The High Street store had no "licence" from Rihanna to sell the shirt. And the singer had taken legal action claiming that selling it without her permission infringed her rights.
Topshop disputed her claim saying nothing on labelling suggested that the t-shirt had been authorised by Rihanna.
And bosses said the public had no expectation that clothes were authorised by people shown in an image.
But Mr Justice Birss today ruled in Rihanna's favour - after analysing evidence at a trial in London earlier this month. The judge said Topshop's sale of the t-shirt without her permission was "passing off".
"I accept that a good number of purchasers will buy the t-shirt without giving the question of authorisation any thought at all, in my judgment a substantial portion of those considering the product will be induced to think it is a garment authorised by the artist. The persons who do this will be the Rihanna fans," said Mr Justice Birss.
"For those persons the idea that it is authorised will be part of what motivates them to buy the product. I am quite satisfied that many fans of Rihanna regard her endorsement as important. She is their style icon. Many will buy a product because they think she has approved of it. Others will wish to buy it because of the value of the perceived authorisation itself. In both cases they will have been deceived."
He said a "substantial number" of buyers were likely to have been deceived into buying the Rihanna T-shirt because of a "false belief" that it had been authorised by the singer.
The judge said that was damaging to her "goodwill" and represented a loss of control over her reputation in the "fashion sphere".
He said it was for the singer not Topshop to choose what garments the public thought were endorsed by her.

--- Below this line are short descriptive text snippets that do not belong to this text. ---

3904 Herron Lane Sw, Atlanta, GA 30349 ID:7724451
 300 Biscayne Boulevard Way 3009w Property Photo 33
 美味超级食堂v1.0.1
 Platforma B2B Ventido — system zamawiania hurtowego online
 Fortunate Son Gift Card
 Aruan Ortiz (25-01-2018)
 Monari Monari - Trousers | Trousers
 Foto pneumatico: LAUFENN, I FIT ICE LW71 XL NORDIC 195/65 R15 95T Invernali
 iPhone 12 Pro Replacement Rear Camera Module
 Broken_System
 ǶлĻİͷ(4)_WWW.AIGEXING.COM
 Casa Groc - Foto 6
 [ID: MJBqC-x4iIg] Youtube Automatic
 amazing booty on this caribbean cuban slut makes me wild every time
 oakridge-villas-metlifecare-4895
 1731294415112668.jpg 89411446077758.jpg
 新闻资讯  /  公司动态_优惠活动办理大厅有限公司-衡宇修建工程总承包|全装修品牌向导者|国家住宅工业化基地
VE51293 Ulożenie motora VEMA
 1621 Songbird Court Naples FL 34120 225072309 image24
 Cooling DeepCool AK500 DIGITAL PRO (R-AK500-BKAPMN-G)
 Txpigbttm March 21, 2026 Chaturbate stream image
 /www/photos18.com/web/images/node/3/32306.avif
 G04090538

And he added: "I find that Topshop's sale of this Rihanna t-shirt without her approval was an act of passing off."
The judge made no assessment of damages in today's written ruling - he only weighed arguments about whether the use of the image had been justified. Topshop said later that damages had yet to be assessed.
A Topshop spokeswoman said bosses were "surprised", "disappointed" and "perplexed" by the ruling - and considering an appeal.